- _Problem details_
After finding the line that contains "Chino XL & DJ Fokus — Not Ok", give again that line and each one following it, exactly, until the records end.

# # # # #

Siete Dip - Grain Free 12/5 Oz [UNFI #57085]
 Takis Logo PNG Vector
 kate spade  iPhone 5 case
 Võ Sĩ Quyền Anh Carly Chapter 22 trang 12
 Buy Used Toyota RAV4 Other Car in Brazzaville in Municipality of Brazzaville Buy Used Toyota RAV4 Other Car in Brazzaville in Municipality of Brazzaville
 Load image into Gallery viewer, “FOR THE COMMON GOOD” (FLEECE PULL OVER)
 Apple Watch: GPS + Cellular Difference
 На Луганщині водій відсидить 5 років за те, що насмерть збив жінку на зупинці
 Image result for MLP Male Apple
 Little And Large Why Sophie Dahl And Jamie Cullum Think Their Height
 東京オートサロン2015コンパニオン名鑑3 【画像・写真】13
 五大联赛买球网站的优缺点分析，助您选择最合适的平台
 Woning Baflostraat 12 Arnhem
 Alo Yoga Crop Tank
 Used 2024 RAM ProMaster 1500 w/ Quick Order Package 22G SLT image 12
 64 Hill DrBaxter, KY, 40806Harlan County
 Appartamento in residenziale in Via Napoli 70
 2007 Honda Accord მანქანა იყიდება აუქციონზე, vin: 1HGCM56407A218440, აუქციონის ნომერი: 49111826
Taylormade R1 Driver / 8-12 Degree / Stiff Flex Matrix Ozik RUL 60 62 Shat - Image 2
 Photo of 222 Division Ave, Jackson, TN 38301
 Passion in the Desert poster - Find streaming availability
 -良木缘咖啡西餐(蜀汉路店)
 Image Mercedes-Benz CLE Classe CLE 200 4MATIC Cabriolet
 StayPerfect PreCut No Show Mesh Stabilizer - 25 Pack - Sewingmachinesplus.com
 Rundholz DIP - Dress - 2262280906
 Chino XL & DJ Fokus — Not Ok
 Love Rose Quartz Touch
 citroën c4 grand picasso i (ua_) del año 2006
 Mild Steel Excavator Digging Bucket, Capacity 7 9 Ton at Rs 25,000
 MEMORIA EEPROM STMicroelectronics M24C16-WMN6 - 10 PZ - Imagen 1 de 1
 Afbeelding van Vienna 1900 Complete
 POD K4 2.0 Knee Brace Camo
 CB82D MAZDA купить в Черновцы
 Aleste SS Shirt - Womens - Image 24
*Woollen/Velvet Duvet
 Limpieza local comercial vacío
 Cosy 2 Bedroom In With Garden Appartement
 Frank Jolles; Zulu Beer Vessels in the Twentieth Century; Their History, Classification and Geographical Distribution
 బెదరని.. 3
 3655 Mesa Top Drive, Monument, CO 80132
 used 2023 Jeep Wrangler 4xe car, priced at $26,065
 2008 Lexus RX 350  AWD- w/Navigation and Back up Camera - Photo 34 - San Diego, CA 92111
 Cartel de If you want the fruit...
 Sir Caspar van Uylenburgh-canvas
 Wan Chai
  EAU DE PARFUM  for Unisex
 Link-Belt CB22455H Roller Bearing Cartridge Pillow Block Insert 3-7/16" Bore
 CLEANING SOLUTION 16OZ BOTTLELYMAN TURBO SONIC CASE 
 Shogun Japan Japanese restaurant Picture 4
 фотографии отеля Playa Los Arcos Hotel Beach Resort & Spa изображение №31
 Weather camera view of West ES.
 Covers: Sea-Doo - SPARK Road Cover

# # # # #

- _Written answer_
 Chino XL & DJ Fokus — Not Ok
 Love Rose Quartz Touch
 citroën c4 grand picasso i (ua_) del año 2006
 Mild Steel Excavator Digging Bucket, Capacity 7 9 Ton at Rs 25,000
 MEMORIA EEPROM STMicroelectronics M24C16-WMN6 - 10 PZ - Imagen 1 de 1
 Afbeelding van Vienna 1900 Complete
 POD K4 2.0 Knee Brace Camo
 CB82D MAZDA купить в Черновцы
 Aleste SS Shirt - Womens - Image 24
*Woollen/Velvet Duvet
 Limpieza local comercial vacío
 Cosy 2 Bedroom In With Garden Appartement
 Frank Jolles; Zulu Beer Vessels in the Twentieth Century; Their History, Classification and Geographical Distribution
 బెదరని.. 3
 3655 Mesa Top Drive, Monument, CO 80132
 used 2023 Jeep Wrangler 4xe car, priced at $26,065
 2008 Lexus RX 350  AWD- w/Navigation and Back up Camera - Photo 34 - San Diego, CA 92111
 Cartel de If you want the fruit...
 Sir Caspar van Uylenburgh-canvas
 Wan Chai
  EAU DE PARFUM  for Unisex
 Link-Belt CB22455H Roller Bearing Cartridge Pillow Block Insert 3-7/16" Bore
 CLEANING SOLUTION 16OZ BOTTLELYMAN TURBO SONIC CASE 
 Shogun Japan Japanese restaurant Picture 4
 фотографии отеля Playa Los Arcos Hotel Beach Resort & Spa изображение №31
 Weather camera view of West ES.
 Covers: Sea-Doo - SPARK Road Cover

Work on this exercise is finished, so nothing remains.